No one likes thinking about their own mortality. But sometimes, our reluctance to think or talk about what happens when we die can have negative consequences. Especially for the loved ones we leave behind.
Intestacy refers to a person dying without leaving behind a will. In practice, intestacy triggers a set of laws that govern how a person’s money, property and assets are distributed when they haven’t left behind legally binding instructions on inheritance.
The rules are formulated to ensure the deceased’s estate passes to their closest surviving relatives. However, the rules are very fixed and apply to all cases without consideration of individual circumstances. This often leads to close relatives not inheriting what they might have expected to. Or what they believe the wishes of the deceased had been. This can in turn cause conflict between family members.
In particular, the laws of intestacy are not well-equipped to deal with more complex family arrangements. Take the example of someone who divorces and then remarries. The first spouse no longer has any right to inheritance following divorce. But any children from the earlier relationship do.
However, under intestacy rules, all inheritance goes to a surviving married spouse or civil partner. So children from the earlier relationship would not get anything while the second spouse was still alive. If that person then went on to make a will bequeathing everything to their own children, their partner’s children from the earlier relationship could be cut out completely.
Another glaring omission is that unmarried partners or those who are not in a civil partnership have no legal right to claim inheritance under intestacy rules. No matter how long they had been in a relationship for, a surviving unmarried partner could be left with nothing.
Eating into inheritance
People often wish to leave something to more distant relatives or friends they were close to. Or to charities or other organisations they supported or were part of. None of these have any realistic chance of inheriting anything under intestacy rules. Even close relatives like siblings are at the back of the queue behind spouses and civil partners, children and grandchildren.
Because of these omissions and complexities, intestacy cases often end up going to court. They can drag on for months or even years as varying claims and counterclaims are made. It can take a big emotional toll on everyone involved. And it can cost a small fortune in legal fees, eating away at the inheritance.
Another way intestacy can lead to the value of an inheritance being eroded is through tax.
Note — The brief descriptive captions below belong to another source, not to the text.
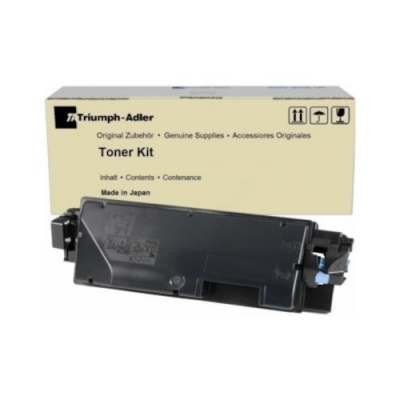 Triumph Adler PK-3013 1T02V30TA0 черен (black) оригинален тонер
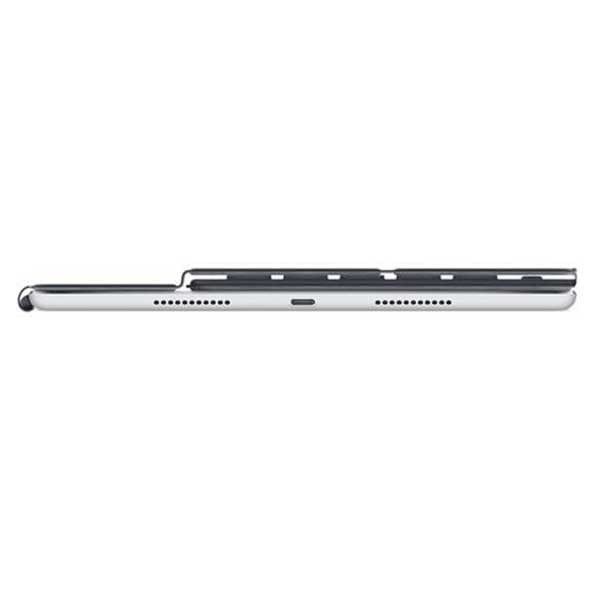 ipad-pro-10-5-smart-keyboard-mptl2y-a-espanol-0023741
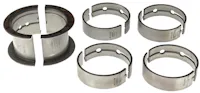 Clevite MS-429P
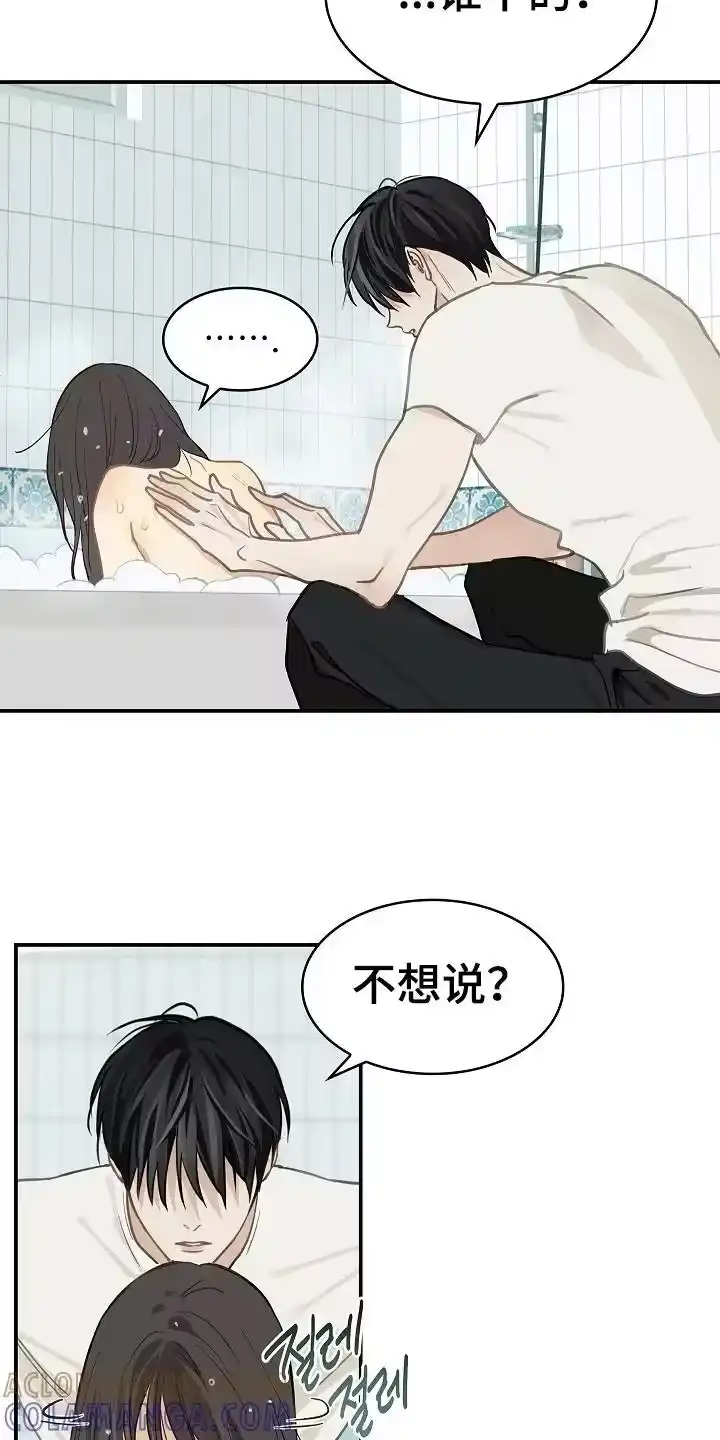 花是诱饵_h 第46章：果然 第5页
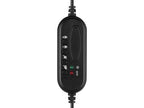 Sandberg Saver USB headset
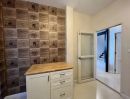 - บ้านผู้บริหารให้เช่า | กุลพันธ์ 9 หางดง เชียงใหม่ Executive House ใกล้ Lanna International School เดินทางสะดวก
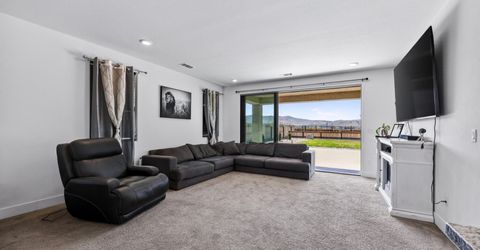 2351 Millville Drive, Sparks, NV 89441 Photo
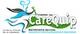 Carequip Maintenance Services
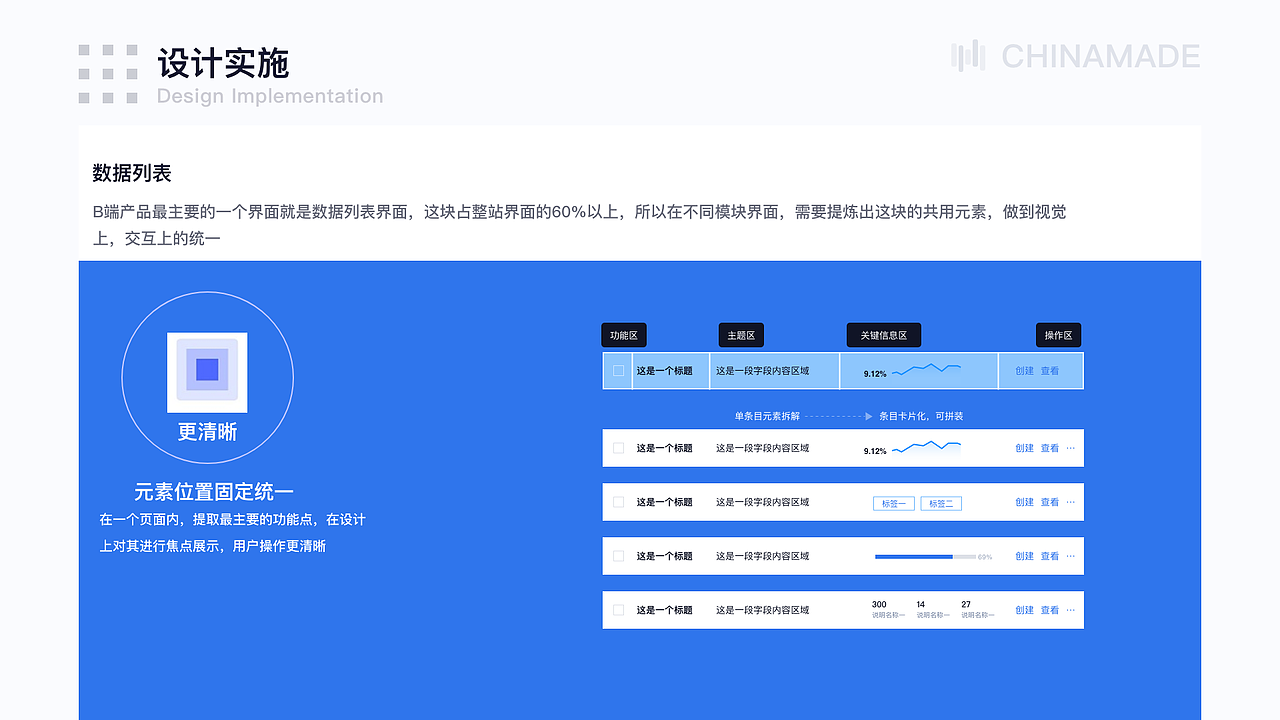 整理2021（图ZMjU2NDIzNTg4） - 其他UI - 站酷设计师咕噜噜sun原创素材 - 站酷ZCOOL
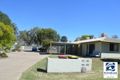 Property photo of 1/46 Sandhurst Street Goondiwindi QLD 4390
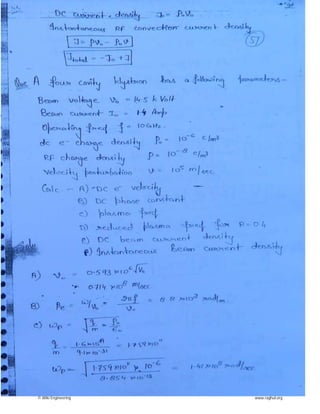 © Wiki Engineering www.raghul.org
 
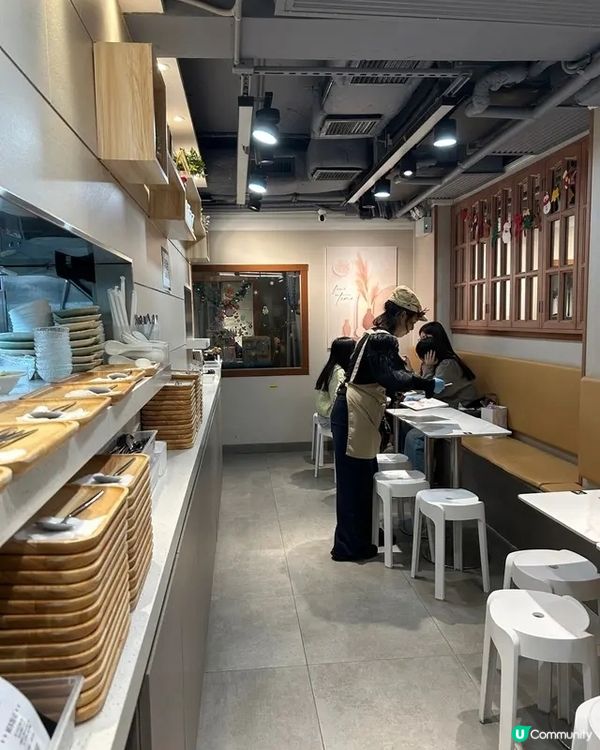 🍮甜品控必試｜西式＋中式夢幻甜品💯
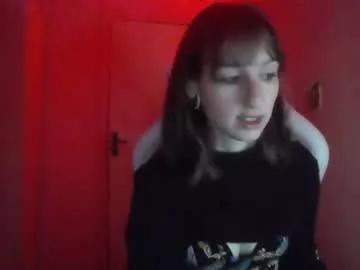 bunnydark2000 from Chaturbate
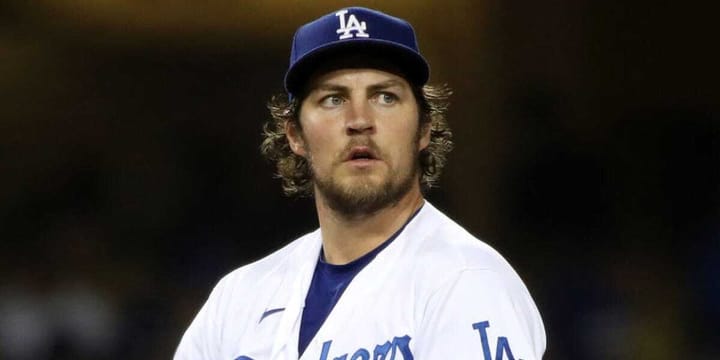 Cup of Coffee: February 9, 2022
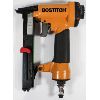 Image 1 : BOSTITCH AIR STAPLER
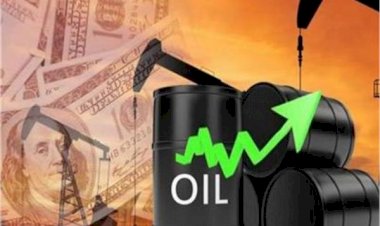 تضخم وتأثيرات اقتصادية صعبة على العالم.. ماذا أنتجت الحرب بين روسيا وأوكرانيا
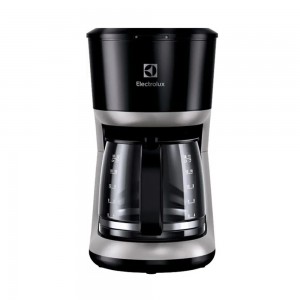 Máy pha cà phê Electrolux ECM3505 Máy pha cà phê Electrolux ECM3505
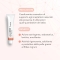 Aluseb Cream - Seborrheic Dermatitis Treatment 30ml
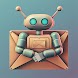 AI Email Generator: AI Writer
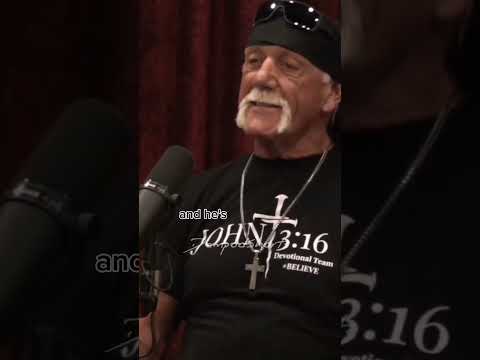 Wrestling in Puerto Rico in the 80's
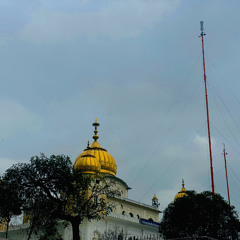 akj fatehgarh sahib
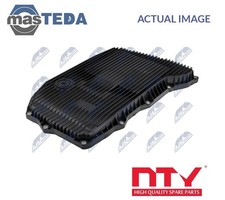 FSF-AU-017 OIL PAN AUTOMATIC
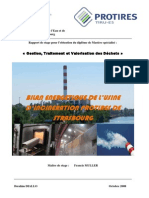 DIALLO Rapport PDF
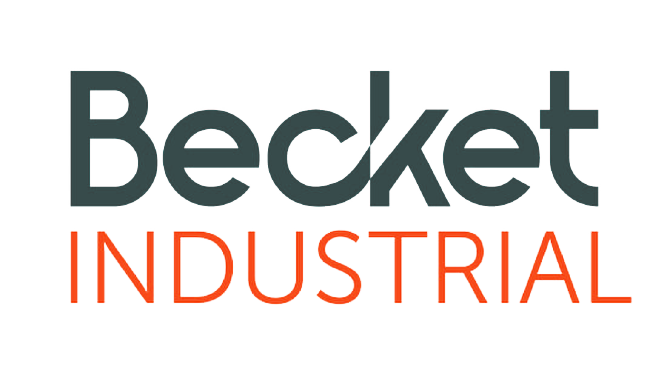Becket Industrial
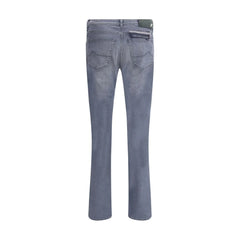 Jacob Cohen Slim Jeans - W30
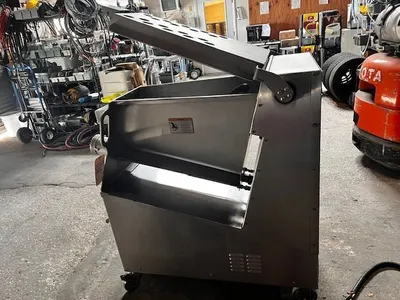 USED HOBART 1532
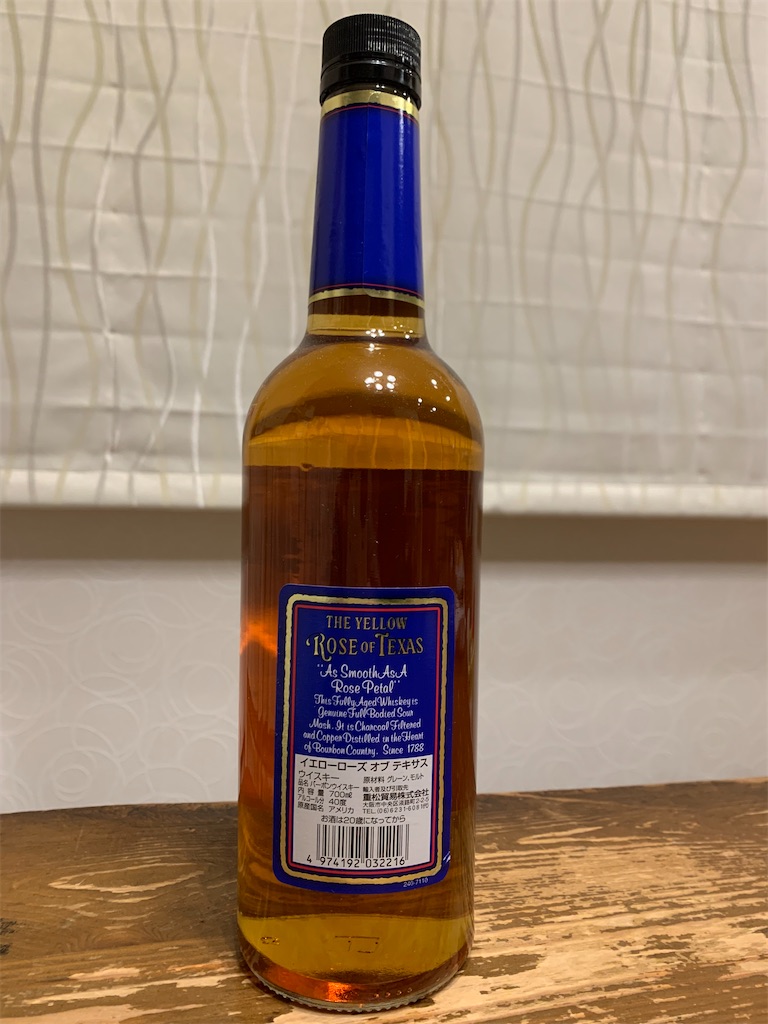 f:id:tantanutakey:20230125222546j:image f:id:tantanutakey:20230125222546j:image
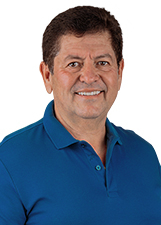 Foto de CARLOS ANTONIO VIEIRA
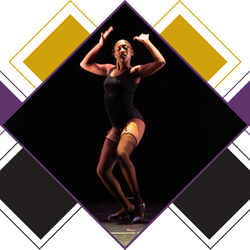 GOVSTATE THEATRE AND PERFORMANCE STUDIES PRESENTS: ALL THAT JAZZ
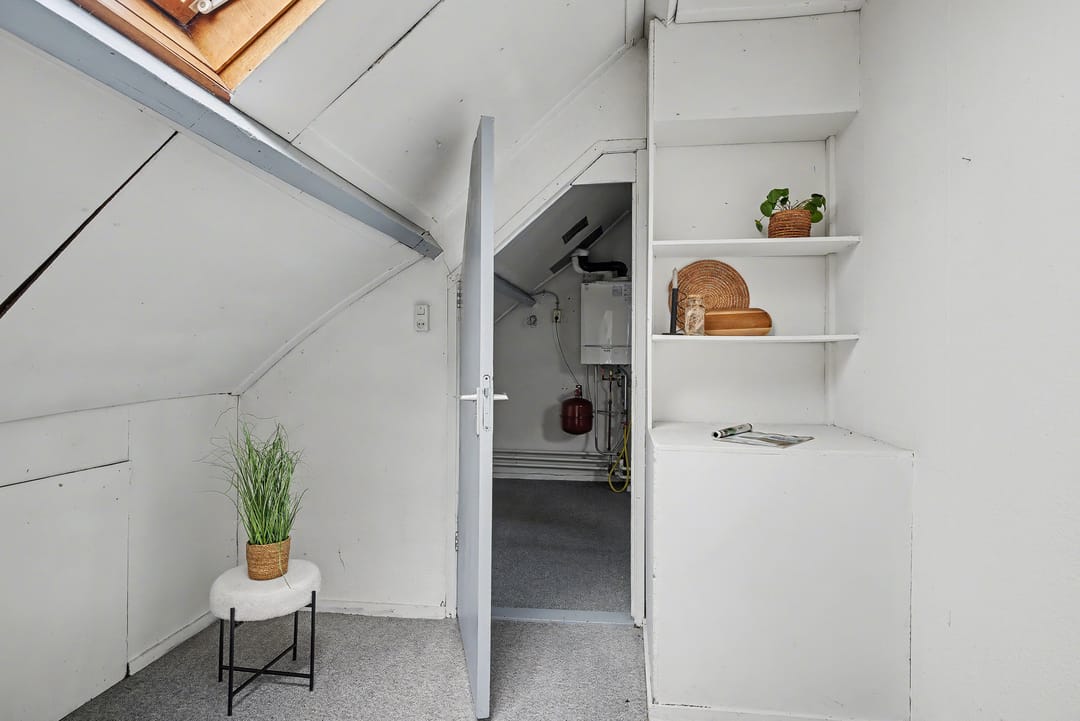 Foto 43 van Stephensonstraat 44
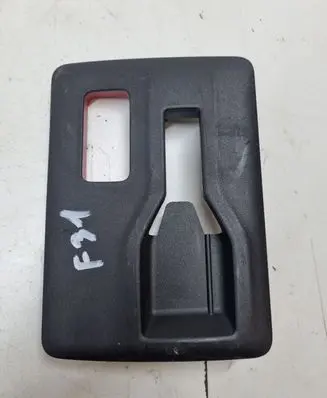 BMW 3 F30 F35 F31 Other dashboard part 7321699 7315760 14588601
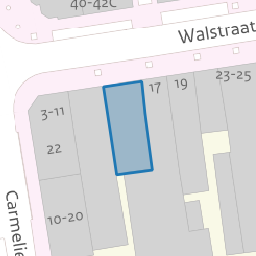 Perceel OSS00-E-4860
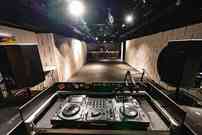 attachments/room_room/4068/FlezX7TT-scaled_a337.jpg
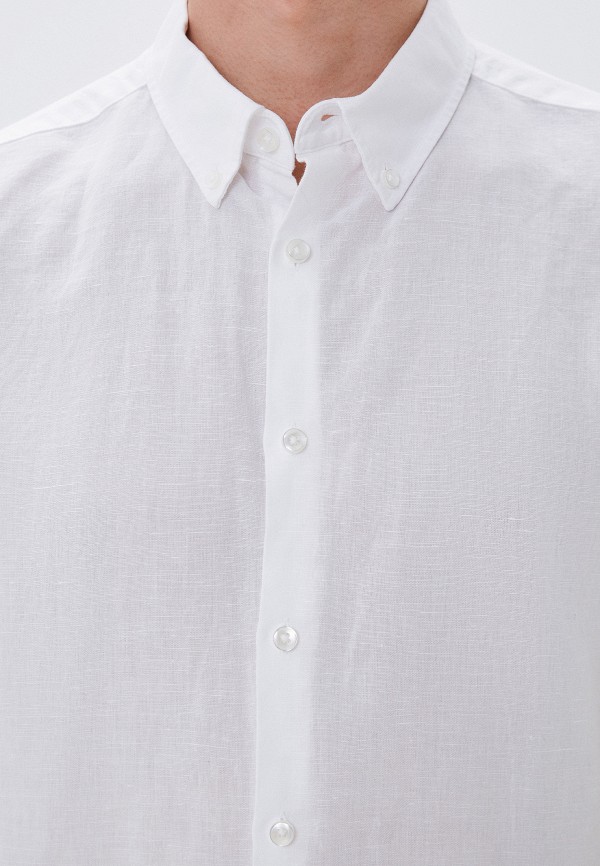 фото Рубашка marks & spencer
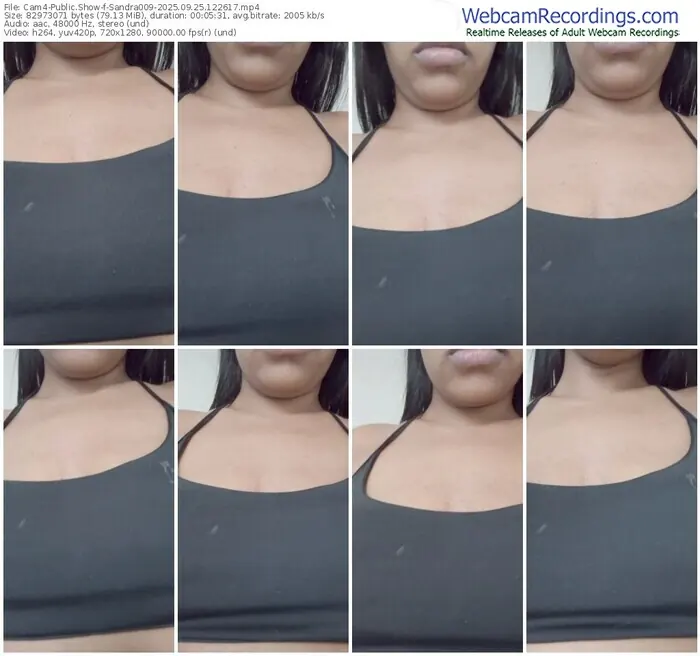 cam4-sandra009-09-25-2025-12-26-17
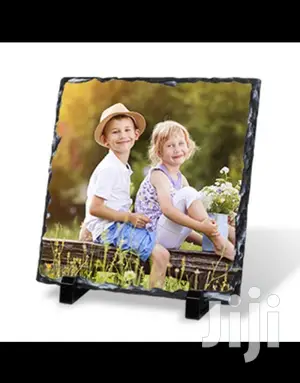 Rock Photo Printing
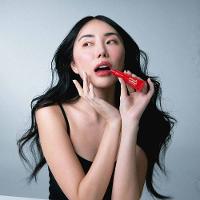 Lip Gloss People Colour 10g - 3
Through effective estate planning and permissible tax efficient measures, the liabilities on high value estates can be reduced. But if no provisions are made in advance, beneficiaries will have to pay Inheritance Tax at the full 40% rate above the statutory thresholds.
Stay in control by writing a will
In summary, the overriding implication of intestacy is a loss of control over how assets are passed on after death. The deceased’s wishes carry no weight if they are not confirmed in a will or similar legal document. Under the rules of intestacy, an estate is passed on first to a surviving spouse or civil partner, then to children, then to grandchildren. It makes no concession for anything but the most simple family arrangements, and leaves unmarried partners out of the picture completely. Intestacy often leads to conflict. And for large estates, it leaves beneficiaries to pay Inheritance Tax at the full rate.
The way to avoid these implications is to write a will and consult with a professional on the arrangement of your estate. Seeking legal advice can provide valuable guidance in creating a comprehensive plan that reflects your wishes and protects the interests of your loved ones.